The national challenge for the mental health service is a workforce shortage of Approved Mental Health Professionals (AMHPs). West Sussex County Council have, however, implemented a twenty-four-hour, seven day a week hub-and-spoke model in response to the difficulties experienced managing the increase in demand for Mental Health Act (MHA) assessments. This has enabled us to better manage the workload, respond to risks and optimise existing resources. We have developed a recruitment and retention action plan to ensure we have sufficient AMHPs to meet the needs of the population, in both the short and long term.

The mental health service secured some additional funding which we have used to support the acute general hospitals by providing an onsite Accident and Emergency (A&E) AMHPs.  These AMHPs are based at the hospital during peak times to ensure timely assessment under the MHA where this is indicated.  Part of the role of the A&E AMHP is to provide advice and guidance to health partners, diverting assessments where appropriate and signposting to other services using a least restrictive and strengths-based approach. 

Strategic work has been undertaken to ensure that the mental health needs of the population are given equal priority in terms of system-wide investment.
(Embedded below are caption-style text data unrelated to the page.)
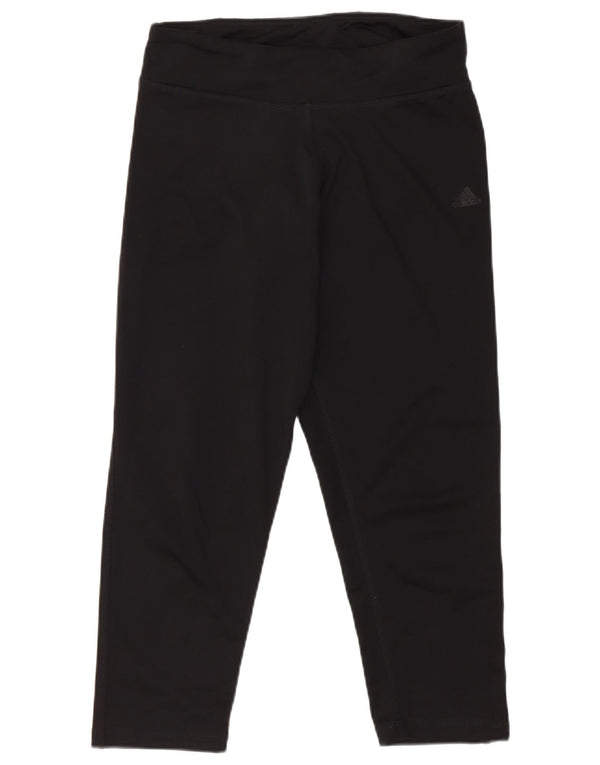 Leggings Capri Adidas pentru femei UK 8/10 Poliester negru mic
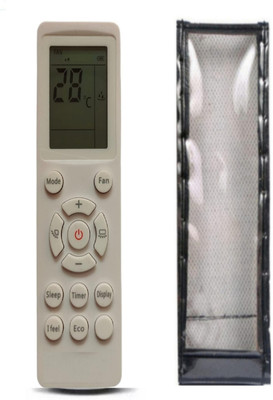 Paril (Remote+Cover) Ac Remote compatible for Daikin Ac Re-247 With PU Leather Protective Cover( EXACTLY SAME REMOTE WILL ONLY WORK) Remote Controller(Black)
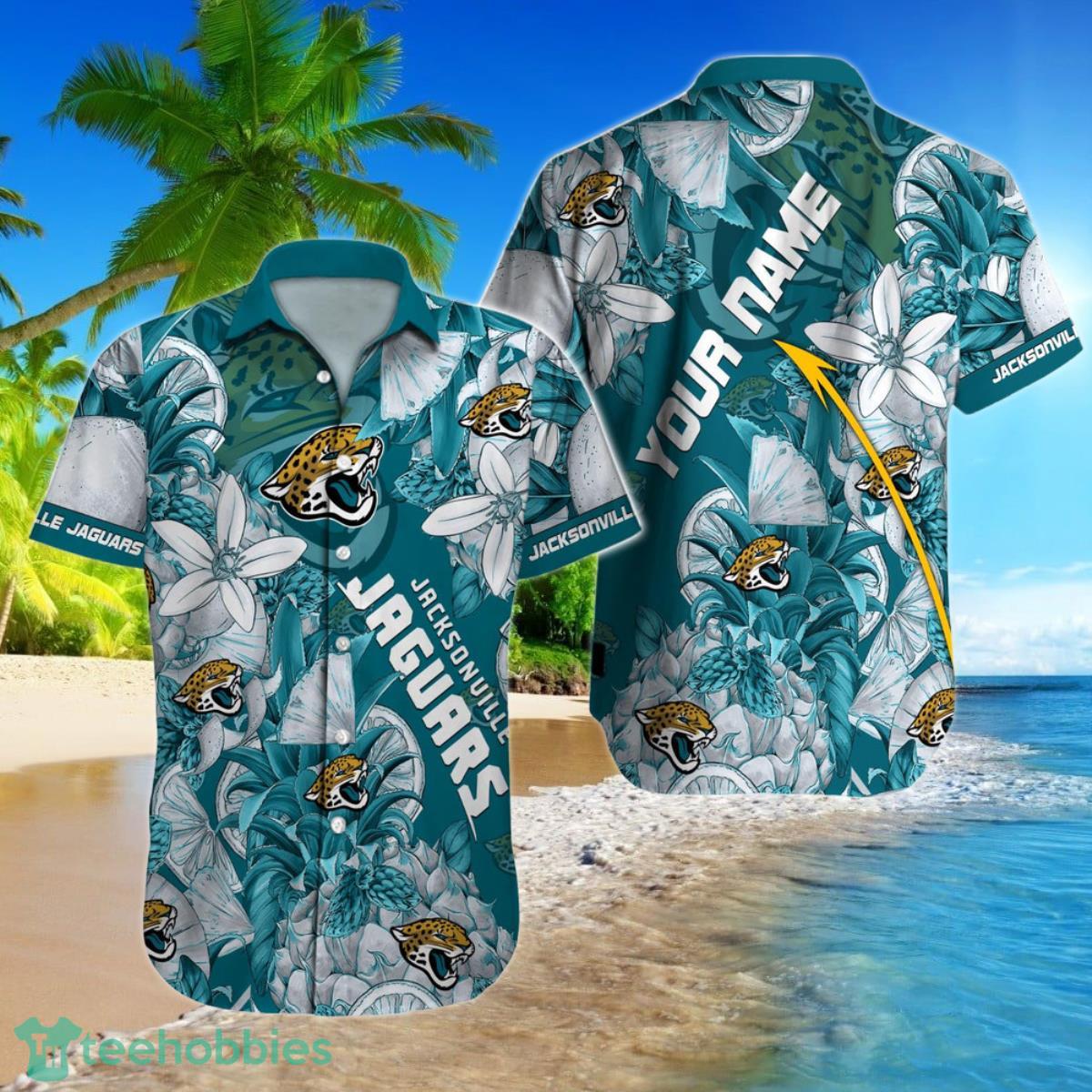 Jacksonville Jaguars NFL Football Custom Name Hawaiian Shirt Gift For Men And Women Fans Product Photo 1
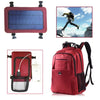 Solar Power Outdoor Charging Backpack with USB Port Waterproof Breathable Travel Bag Wear-resisting Large Capacity Backpacks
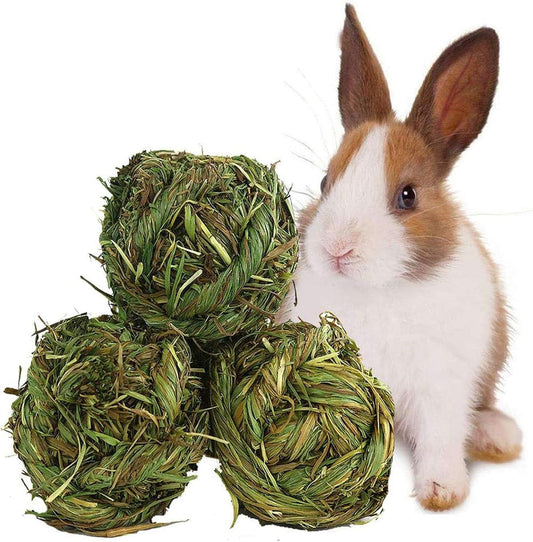 Timothy Grass Chew Balls for Rabbits, Hamsters & Guinea Pigs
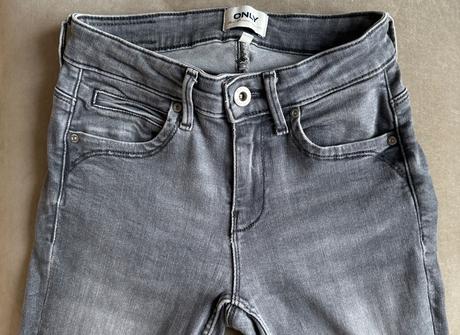 Only šedé skinny jeans, only,34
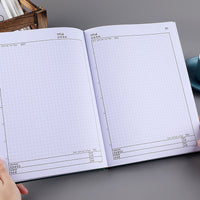 A4 Lab Notebook with Numbered Pages, Waterproof Paper for Scientific Research & Reports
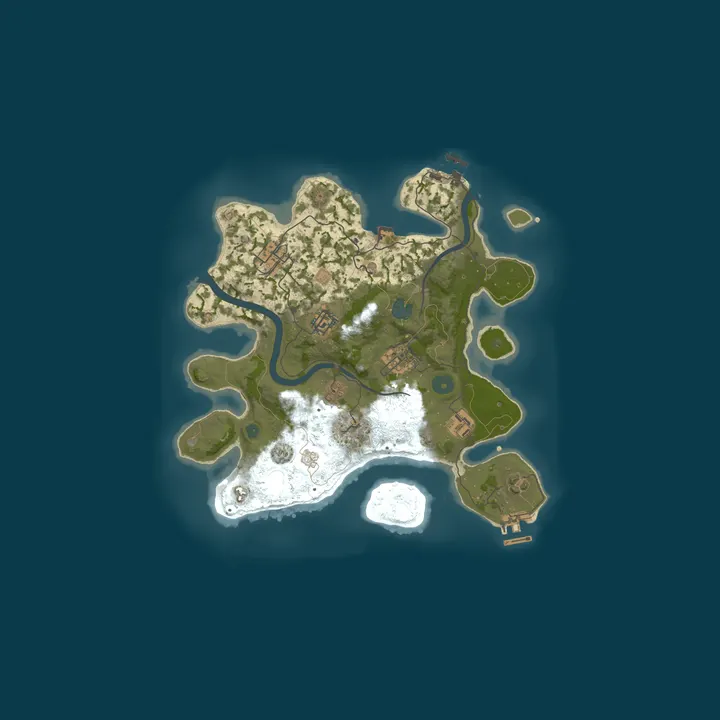 Map of HOSTILE RUST | X100 | ДЛЯ НОВИЧКОВ | 01.10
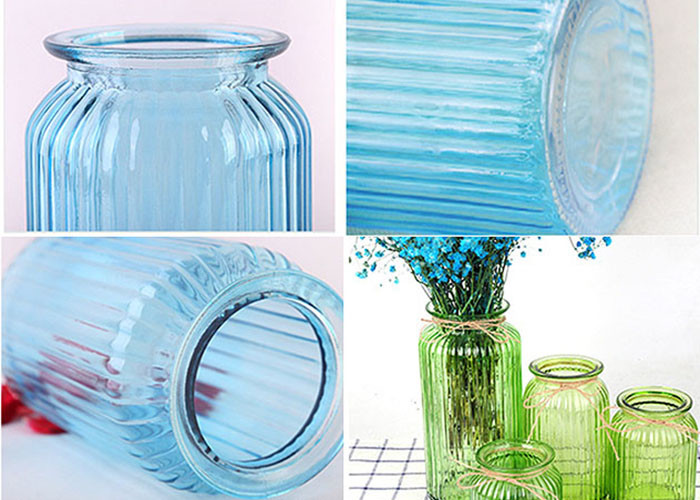 Wedding Decorative Glass Vases / Glass Flower Vases Elegant Feature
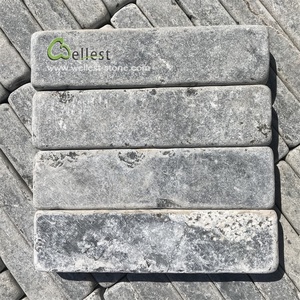 Chinese Tumbled Finish Blue Limestone <strong>Bricks</strong> for Garden Landscaping Paving - Product Image 1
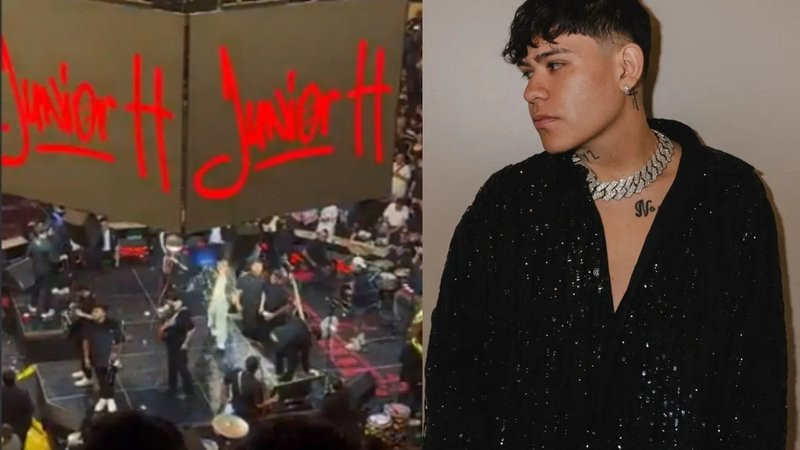 Junior H canta corrido prohibido en Feria de San Marcos y le apagan el micrófono; se espera sanción 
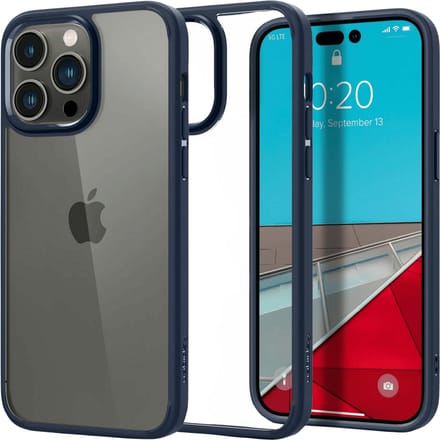 Spigen Ultra Hybrid Apple iPhone 14 Pro Hoesje Back Cover Navy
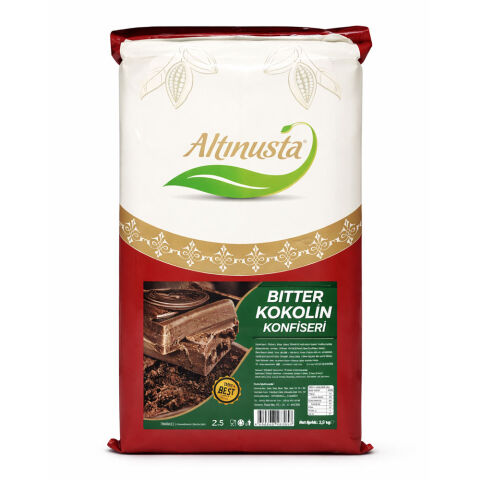 ALTINUSTA BİTTER KOKOLİN KONFİSERİ 2,5 KG ALT187 - 1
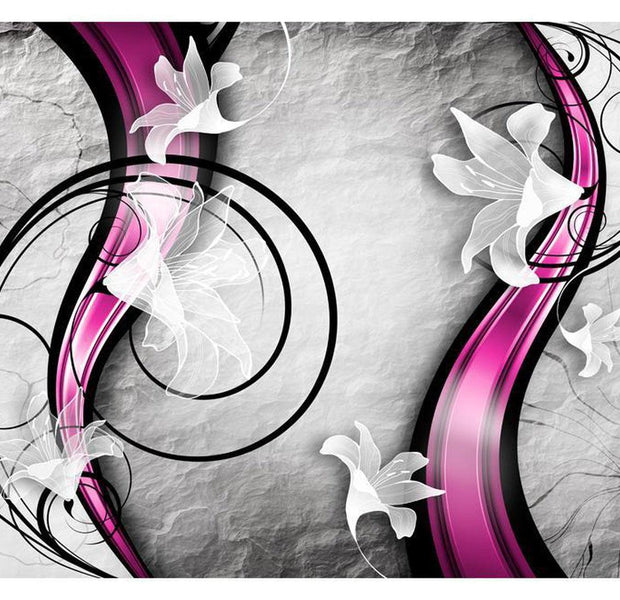 Peel & Stick Floral Wall Mural - Dance With Lilies - Removable Wall Decals
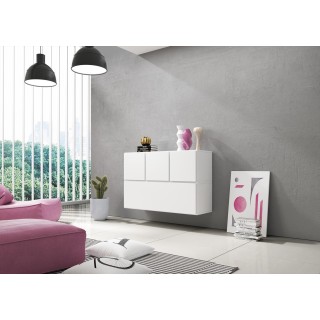 Cama living room furniture set ROCO 13 (RO1 + 3xRO5) white/white/white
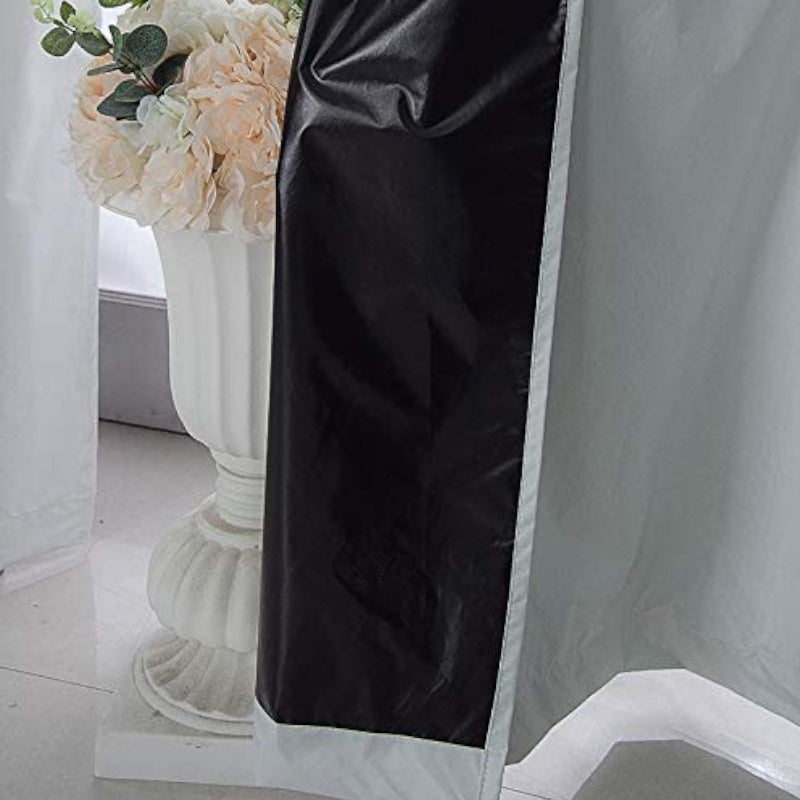 Gominimo Temp Blackout Blinds Curtain Detachable Set of 2 240 x 140cm Black - SILBERSHELL
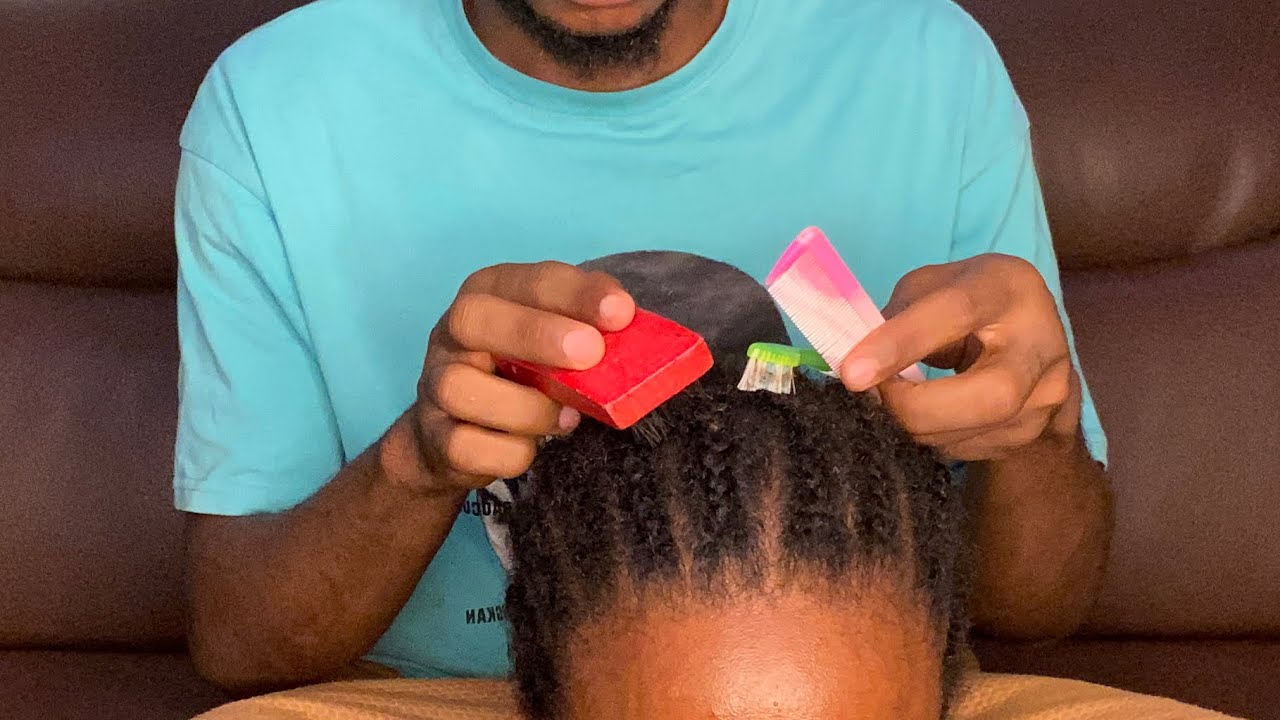 Intense scalp scratching | ASMR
This resulted in funding being agreed from the Hospital Discharge Grant to develop a mental health discharge hub, jointly with the local mental health trust.  The Mental Health Social Worker Discharge Team (MHSWDT) was set up in 2022 and provides a service covering the entire county of West Sussex.  Where a West Sussex resident is in an out of county hospital, we will support the discharge for that patient and liaise with the other local authority. 

The MHSWDT discharge hub enables timely and effective assessment and discharge supported by a team of staff who are solely dedicated to support mental health hospital discharge, daily touchpoint calls with NHS partners to ensure clear communication, sharing of information and joint decision making and better relationships built through the multi-disciplinary approach which improves outcomes for patients.

The challenges for the MHSWDT include ongoing funding, the care market and its capacity to provide suitable services to meet the needs of our customers, including developing new services to meet demand.

We were recently invited by the Department of Health and Social Care (DHSC) to discuss the A&E AMHP pilot and MHSWDT pilot with civil servant colleagues who are interested in our model and we received excellent feedback.

We have led a joint international recruitment project in partnership with colleagues from Sussex Partnership NHS Trust to fill vacancies across mental health teams in the council and the mental health trust. This has been very successful and has helped both organisations to fill much needed roles.